La domanda che accompagna Baby Steps dalla sua anteprima è sempre la stessa: è un gioco con uno scopo, o è solo un meme vestito da videogioco? La risposta sta nella sua coerenza brutale. Non offre una trama profonda, non ha un combat system complesso nel senso tradizionale del termine, e l’esplorazione di questo open world (che è in realtà un lungo e tortuoso sentiero di montagna) è intenzionalmente atroce e priva di gratificazione. Non c’è un tesoro alla fine della salita, se non la soddisfazione catartica di esserci riusciti.
Tuttavia, l’innovazione meccanica è innegabile. Il sistema di controllo delle gambe, benché frustrante, è preciso e risponde con estrema fedeltà agli input del giocatore. Il gioco si basa sul principio di competenza lenta e dolorosa: non si diventa subito bravi, ma si migliora gradualmente, e questa evoluzione è percepibile ad ogni passo andato a buon fine. In questo senso, Baby Steps è un gioco di abilità pura mascherato da commedia demenziale. Il gioco ha un forte potere interpretativo: per alcuni è una critica nichilista alla generazione passiva (Nate), per altri è un’ode al progresso personale (il cammino), per la maggior parte è solo un oggetto da deridere e guardare su Twitch. Ma il fatto che possa generare tutte queste reazioni lo rende un’opera polarizzante e irriverente, difficile da ignorare. È il tipo di titolo che ti costringe a fare i conti con la tua tolleranza alla frustrazione.
POWER RATING:
8.0/10
“Baby Steps è un simulatore di camminata estenuante e folle, che si pone come erede spirituale dei rage game di Bennett Foddy. Il sistema di controllo innovativo e punitivo crea una frustrazione genuina, ma anche una soddisfazione immensa ad ogni ostacolo superato. L’umorismo cringe e l’assenza di checkpoint lo rendono un’esperienza più adatta allo streaming che al gioco solitario, ma è un capolavoro di design coerente nella sua brutalità assurda.”
PRO
- Gameplay innovativo basato su una simulazione fisica della camminata meticolosa.

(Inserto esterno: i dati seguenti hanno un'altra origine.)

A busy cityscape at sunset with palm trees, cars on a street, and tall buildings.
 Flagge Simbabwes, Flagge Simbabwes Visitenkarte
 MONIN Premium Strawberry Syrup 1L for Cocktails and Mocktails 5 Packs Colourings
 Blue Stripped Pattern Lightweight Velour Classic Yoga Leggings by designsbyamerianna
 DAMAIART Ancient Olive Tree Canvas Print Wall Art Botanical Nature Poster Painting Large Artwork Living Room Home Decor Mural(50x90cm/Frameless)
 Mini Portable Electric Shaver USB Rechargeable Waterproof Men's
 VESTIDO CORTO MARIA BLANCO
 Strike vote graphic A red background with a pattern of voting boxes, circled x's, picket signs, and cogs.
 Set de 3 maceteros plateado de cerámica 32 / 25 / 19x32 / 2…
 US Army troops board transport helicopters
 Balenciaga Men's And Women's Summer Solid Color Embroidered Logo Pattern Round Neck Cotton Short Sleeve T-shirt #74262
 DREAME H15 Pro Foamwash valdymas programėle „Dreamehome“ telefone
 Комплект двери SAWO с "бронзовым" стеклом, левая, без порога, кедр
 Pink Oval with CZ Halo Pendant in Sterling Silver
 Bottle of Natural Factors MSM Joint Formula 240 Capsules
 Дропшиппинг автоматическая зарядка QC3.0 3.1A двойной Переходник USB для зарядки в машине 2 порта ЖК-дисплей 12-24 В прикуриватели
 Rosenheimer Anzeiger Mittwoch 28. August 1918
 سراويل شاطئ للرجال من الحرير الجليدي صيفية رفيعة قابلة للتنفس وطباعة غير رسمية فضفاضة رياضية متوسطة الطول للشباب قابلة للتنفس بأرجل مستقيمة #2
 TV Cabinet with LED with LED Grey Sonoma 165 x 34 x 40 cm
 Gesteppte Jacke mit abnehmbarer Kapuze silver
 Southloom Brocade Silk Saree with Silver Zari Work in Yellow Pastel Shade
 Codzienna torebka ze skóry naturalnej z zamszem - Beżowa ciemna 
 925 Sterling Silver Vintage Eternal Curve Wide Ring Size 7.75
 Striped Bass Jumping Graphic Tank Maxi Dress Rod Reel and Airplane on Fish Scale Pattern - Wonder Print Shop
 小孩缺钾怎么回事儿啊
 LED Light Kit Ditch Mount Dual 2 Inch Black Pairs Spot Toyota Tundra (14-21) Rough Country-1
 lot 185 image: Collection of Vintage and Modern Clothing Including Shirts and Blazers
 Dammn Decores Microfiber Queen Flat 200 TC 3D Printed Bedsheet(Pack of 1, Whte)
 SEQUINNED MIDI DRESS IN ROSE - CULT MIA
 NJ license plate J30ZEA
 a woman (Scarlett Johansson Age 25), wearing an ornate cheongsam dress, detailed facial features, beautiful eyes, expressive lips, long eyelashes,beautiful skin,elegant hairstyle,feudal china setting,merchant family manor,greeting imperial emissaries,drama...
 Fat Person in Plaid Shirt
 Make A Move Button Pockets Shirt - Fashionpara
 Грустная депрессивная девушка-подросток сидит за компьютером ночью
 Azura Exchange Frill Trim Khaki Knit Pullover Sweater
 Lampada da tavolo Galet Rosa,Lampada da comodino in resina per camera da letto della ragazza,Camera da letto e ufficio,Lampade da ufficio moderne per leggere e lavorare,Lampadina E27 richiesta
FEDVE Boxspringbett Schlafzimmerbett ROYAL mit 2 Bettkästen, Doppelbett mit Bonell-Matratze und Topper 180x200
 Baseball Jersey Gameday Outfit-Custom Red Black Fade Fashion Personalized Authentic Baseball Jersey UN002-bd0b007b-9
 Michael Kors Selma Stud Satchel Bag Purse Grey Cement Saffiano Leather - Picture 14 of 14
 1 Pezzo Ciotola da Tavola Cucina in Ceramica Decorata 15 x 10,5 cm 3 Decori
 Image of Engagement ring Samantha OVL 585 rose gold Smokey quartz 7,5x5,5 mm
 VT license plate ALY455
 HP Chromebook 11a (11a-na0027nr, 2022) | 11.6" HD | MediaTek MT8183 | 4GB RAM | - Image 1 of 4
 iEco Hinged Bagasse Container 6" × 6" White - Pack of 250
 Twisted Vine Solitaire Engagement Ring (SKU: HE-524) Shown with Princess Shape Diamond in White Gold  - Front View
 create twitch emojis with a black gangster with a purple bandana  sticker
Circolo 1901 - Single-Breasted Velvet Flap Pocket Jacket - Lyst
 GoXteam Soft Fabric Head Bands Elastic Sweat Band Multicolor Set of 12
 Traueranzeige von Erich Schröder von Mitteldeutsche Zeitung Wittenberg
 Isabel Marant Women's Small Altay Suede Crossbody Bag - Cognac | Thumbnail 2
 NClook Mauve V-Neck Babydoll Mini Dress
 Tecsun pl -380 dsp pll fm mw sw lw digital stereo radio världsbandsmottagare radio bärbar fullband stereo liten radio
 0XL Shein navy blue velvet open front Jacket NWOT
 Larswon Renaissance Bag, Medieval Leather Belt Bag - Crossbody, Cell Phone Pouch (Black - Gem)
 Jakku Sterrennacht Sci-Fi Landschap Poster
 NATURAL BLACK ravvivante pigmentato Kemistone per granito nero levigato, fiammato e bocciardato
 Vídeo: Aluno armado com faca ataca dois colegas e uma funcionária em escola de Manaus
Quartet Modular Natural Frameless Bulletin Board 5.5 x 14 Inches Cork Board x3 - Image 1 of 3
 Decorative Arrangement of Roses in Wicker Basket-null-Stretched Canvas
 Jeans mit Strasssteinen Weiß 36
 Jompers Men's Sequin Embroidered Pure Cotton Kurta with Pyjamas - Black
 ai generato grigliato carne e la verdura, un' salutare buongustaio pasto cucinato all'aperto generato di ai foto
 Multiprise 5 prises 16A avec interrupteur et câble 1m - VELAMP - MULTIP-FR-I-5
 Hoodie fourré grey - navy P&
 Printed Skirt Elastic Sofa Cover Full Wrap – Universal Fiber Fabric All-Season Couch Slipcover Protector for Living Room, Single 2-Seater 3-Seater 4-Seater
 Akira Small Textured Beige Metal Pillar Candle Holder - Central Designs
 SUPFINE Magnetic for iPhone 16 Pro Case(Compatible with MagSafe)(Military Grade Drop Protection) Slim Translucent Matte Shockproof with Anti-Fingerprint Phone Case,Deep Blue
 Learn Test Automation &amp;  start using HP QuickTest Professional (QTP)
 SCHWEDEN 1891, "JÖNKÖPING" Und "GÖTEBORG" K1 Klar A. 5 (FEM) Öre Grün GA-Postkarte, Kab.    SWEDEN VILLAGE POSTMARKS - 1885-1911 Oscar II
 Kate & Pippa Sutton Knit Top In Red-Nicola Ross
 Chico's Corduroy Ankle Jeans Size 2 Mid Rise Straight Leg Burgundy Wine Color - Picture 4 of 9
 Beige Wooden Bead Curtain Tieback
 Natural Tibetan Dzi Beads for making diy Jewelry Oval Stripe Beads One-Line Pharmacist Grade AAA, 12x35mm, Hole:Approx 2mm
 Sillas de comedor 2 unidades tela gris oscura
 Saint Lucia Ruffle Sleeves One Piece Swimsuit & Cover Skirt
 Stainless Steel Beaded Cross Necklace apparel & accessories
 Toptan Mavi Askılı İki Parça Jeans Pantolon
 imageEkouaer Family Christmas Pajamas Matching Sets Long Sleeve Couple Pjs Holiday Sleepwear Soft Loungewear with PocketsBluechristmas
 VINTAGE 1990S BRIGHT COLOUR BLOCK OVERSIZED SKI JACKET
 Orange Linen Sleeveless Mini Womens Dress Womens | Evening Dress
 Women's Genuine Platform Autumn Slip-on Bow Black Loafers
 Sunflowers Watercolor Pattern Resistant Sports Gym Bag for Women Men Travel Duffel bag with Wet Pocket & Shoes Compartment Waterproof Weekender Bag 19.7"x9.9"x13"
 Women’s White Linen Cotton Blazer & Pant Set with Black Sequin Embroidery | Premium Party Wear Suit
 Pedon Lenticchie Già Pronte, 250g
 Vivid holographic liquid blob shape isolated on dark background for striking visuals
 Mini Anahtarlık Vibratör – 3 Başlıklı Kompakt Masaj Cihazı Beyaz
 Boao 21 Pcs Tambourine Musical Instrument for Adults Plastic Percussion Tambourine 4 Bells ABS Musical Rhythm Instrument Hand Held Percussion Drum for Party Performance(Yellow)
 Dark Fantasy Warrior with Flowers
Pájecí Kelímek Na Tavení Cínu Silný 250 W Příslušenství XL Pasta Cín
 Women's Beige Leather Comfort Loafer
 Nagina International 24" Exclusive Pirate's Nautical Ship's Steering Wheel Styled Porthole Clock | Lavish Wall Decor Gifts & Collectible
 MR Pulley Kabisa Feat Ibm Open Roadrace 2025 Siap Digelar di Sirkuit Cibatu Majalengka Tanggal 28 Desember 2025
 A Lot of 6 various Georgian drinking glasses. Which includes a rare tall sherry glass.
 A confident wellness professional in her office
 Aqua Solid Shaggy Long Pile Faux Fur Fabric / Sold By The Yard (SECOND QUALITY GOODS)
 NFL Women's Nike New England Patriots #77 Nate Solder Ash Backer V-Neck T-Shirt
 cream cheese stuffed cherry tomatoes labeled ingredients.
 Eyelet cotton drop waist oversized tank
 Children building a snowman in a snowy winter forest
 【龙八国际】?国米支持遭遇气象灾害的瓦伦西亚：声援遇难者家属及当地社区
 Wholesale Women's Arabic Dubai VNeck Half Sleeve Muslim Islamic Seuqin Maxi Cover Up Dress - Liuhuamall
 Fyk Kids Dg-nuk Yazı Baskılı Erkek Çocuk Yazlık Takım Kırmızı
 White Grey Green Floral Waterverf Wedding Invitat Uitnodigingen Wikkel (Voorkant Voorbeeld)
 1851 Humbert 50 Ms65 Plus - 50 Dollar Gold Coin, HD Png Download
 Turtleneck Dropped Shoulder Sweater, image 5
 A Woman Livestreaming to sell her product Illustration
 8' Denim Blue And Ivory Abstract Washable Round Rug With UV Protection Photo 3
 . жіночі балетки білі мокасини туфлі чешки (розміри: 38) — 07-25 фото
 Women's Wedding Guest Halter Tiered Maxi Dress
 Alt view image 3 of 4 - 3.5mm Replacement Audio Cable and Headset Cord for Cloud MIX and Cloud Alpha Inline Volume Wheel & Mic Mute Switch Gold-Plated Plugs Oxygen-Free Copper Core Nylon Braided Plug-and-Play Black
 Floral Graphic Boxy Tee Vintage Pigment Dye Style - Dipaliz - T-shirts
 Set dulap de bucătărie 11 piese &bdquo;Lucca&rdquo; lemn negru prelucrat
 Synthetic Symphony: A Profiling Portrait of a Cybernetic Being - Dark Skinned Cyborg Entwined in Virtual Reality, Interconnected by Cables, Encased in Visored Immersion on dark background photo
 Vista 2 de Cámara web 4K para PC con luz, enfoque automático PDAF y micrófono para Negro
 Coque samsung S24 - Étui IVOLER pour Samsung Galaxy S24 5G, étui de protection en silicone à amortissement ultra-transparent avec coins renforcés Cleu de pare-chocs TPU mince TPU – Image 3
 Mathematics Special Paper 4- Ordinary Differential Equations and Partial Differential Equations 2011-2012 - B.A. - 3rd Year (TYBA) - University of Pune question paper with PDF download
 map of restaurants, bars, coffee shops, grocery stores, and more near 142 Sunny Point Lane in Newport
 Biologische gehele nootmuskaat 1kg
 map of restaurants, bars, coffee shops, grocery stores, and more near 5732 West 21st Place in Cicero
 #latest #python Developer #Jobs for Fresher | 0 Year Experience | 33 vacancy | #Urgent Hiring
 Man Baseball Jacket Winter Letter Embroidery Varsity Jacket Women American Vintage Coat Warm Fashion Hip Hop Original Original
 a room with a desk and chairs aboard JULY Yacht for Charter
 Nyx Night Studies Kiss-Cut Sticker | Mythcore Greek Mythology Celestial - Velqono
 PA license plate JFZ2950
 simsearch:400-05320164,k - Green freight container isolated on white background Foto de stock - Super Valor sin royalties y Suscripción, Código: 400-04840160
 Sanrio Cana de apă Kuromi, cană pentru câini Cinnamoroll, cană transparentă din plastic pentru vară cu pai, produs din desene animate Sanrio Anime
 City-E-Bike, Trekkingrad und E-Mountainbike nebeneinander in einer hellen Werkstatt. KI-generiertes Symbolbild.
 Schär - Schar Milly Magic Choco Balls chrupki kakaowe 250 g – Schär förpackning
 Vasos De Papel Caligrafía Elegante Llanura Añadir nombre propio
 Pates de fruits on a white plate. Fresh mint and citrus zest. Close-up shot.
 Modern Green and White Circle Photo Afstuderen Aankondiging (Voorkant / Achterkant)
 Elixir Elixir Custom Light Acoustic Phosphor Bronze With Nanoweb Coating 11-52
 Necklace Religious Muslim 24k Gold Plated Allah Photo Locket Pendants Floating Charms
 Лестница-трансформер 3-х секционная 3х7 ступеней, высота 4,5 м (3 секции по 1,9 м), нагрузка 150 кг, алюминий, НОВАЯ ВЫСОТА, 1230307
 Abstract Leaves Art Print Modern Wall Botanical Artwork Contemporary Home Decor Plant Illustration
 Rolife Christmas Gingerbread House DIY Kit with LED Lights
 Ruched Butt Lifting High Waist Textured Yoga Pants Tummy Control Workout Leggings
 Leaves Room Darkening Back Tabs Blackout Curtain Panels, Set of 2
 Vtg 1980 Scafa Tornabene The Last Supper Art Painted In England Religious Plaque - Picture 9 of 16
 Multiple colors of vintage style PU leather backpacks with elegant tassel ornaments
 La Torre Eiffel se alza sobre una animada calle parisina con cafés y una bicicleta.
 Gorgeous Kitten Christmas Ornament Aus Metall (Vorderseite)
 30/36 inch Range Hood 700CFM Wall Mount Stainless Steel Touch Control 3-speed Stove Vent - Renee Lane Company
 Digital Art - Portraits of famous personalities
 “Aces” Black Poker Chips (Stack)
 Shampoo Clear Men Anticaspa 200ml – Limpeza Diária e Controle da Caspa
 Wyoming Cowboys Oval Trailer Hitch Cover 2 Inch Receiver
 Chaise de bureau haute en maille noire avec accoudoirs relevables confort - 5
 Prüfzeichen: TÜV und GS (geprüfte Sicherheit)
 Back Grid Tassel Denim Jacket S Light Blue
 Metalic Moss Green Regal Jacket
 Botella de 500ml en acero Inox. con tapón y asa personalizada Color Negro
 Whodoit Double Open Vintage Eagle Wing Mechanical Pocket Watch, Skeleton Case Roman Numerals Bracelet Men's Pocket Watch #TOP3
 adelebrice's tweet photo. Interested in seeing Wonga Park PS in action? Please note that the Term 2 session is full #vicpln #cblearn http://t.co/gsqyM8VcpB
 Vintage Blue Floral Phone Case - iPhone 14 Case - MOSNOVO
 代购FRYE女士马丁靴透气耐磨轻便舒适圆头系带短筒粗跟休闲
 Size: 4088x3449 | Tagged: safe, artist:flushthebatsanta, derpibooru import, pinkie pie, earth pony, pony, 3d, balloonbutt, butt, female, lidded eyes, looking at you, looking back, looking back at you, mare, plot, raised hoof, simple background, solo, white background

- Sensazione di progressione e soddisfazione estrema dopo ogni successo.
- Sound design dinamico e surreale che si integra perfettamente con il gameplay.
- Umourismo demenziale e cringe che funziona come ottimo materiale da meme.
CONTRO
- Difficoltà punitiva e assenza di salvataggi facili che allungano l’esperienza.
- Esplorazione frustrante in un open world dove ogni passo è un calvario.
- Un’esperienza che rischia di logorare più che divertire nel lungo periodo per i non masochisti.